¿Votamos con la cabeza o con el miedo?

En Chile, ayer se definió una elección presidencial en segunda vuelta. No fue una celebración de ideas, ni un triunfo de propuestas bien estructuradas. Fue, más bien, una derrota colectiva disfrazada de victoria.

El candidato electo no ganó por convicción, sino por rechazo. No fue elegido por lo que ofrecía, sino por el pánico a lo que representaba su contrincante. Y lo más inquietante no es quién ganó, sino cómo llegamos a este punto: con dos opciones que, en el fondo, dejaban a la ciudadanía con la sensación de estar eligiendo entre dos males menores, sin siquiera tener la certeza de cuál era, en realidad, el menor.

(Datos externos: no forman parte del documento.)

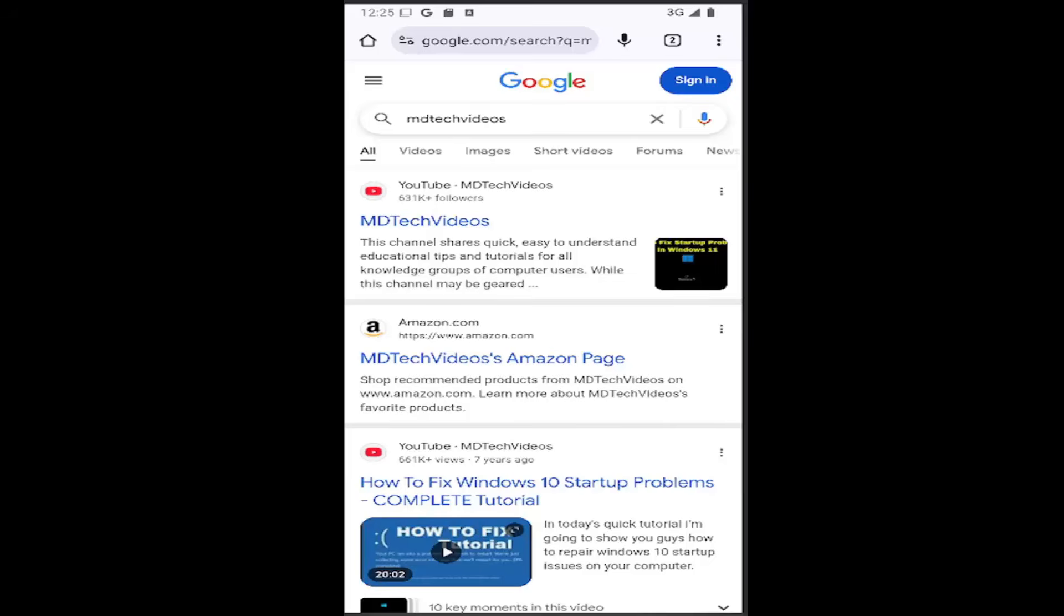In today's tutorial, I'm going to show you how to enable the automatic download of PDF files on the Google Chrome mobile web browser on your iOS or Android. Instead of just opening them up, it'll enable the auto download feature.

Hoy en día, muchas personas votan no por lo que saben, sino por lo que sienten. No revisan programas, no contrastan datos, no buscan antecedentes. Se dejan llevar por el tono de una entrevista, por una sonrisa bien ensayada, por un discurso que suena emotivo pero carece de sustancia.

La política chilena ha mutado en un espectáculo mediático donde la forma pesa más que el fondo. Donde se juzga más al que grita que al que propone, y donde las redes sociales deciden más que los foros ciudadanos. La gente cree cualquier cosa con tal de que esté bien contada. Y los políticos lo saben. Por eso invierten millones en marketing y centavos en política pública real.

Me preocupa que, en este contexto, el voto se haya convertido en una especie de reflejo condicionado. Uno no elige a quien cree que va a gobernar mejor, sino a quien considera menos peligroso. Eso no es democracia; es desesperación disfrazada de participación.

Y si miramos más allá del Palacio de La Moneda, la situación no mejora. En el Congreso, sesiones se suspenden porque parlamentarios prefieren protagonismo mediático antes que acuerdos legislativos. En las municipalidades, mientras la delincuencia crece sin control, los alcaldes se dedican a competir por quién tiene el árbol de Navidad más grande, más luminoso, más caro. Como si la seguridad de un barrio se midiera en luces LED y no en patrullajes efectivos o políticas sociales reales.

¿Dónde quedó la exigencia ciudadana? ¿Desde cuándo aceptamos que nuestros representantes hagan lo mínimo y celebremos como si fuera un logro extraordinario? La indiferencia se ha normalizado. La mediocridad se ha institucionalizado. Y la mayoría, en vez de cuestionar, se conforma con esperar cuatro años más para repetir el mismo ciclo.

Peor aún: cada vez menos personas se informan. La lectura crítica ha sido reemplazada por el video de 15 segundos que resume “la postura del candidato”. Pero un resumen no reemplaza el análisis. Un meme no sustituye la responsabilidad de entender las implicancias reales de una reforma tributaria, de una política de seguridad o de un tratado internacional.

Estamos en una era donde la desinformación se disfraza de opinión, y la opinión se vende como conocimiento. Y como sociedad, hemos dejado de distinguir entre ambas. Por eso, cualquier mensaje que suene contundente, aunque carezca de base, encuentra eco. Porque no exigimos coherencia, solo contundencia. No pedimos soluciones, solo promesas.

No es casualidad que, en este escenario, los proyectos estructurales languidezcan mientras crecen los discursos populistas. No es casualidad que, en momentos de crisis real, surjan figuras que ofrecen respuestas simples a problemas complejos. Porque la complejidad asusta, y la simplicidad vende. Aunque engañe.

Chile necesita recuperar la capacidad de pensar. No de opinar, sino de analizar. No de reaccionar, sino de evaluar. Necesitamos ciudadanos que exijan transparencia, que lean más allá del titular, que cuestionen a todos los bandos, no solo al que les desagrada. Porque un voto mal informado no es neutral: tiene consecuencias reales en la educación de los niños, en la salud de los ancianos, en la seguridad de nuestras calles.

No se trata de culpar a los políticos solos. Ellos son, en gran medida, un reflejo de lo que permitimos. Si aceptamos mediocridad, obtendremos mediocridad. Si premiamos la forma sobre el fondo, seguiremos teniendo campañas vacías y gobiernos sin brújula. Si seguimos votando por miedo en lugar de por convicción, no tendremos líderes, sino sobrevivientes del rechazo ajeno.

El problema no está solo en quién ganó. El problema está en cómo llegamos a creer que esa era la mejor opción posible. Porque cuando dejamos de pensar con rigor, cualquier cosa nos parece razonable. Y eso, en una democracia, es el peor de los peligros.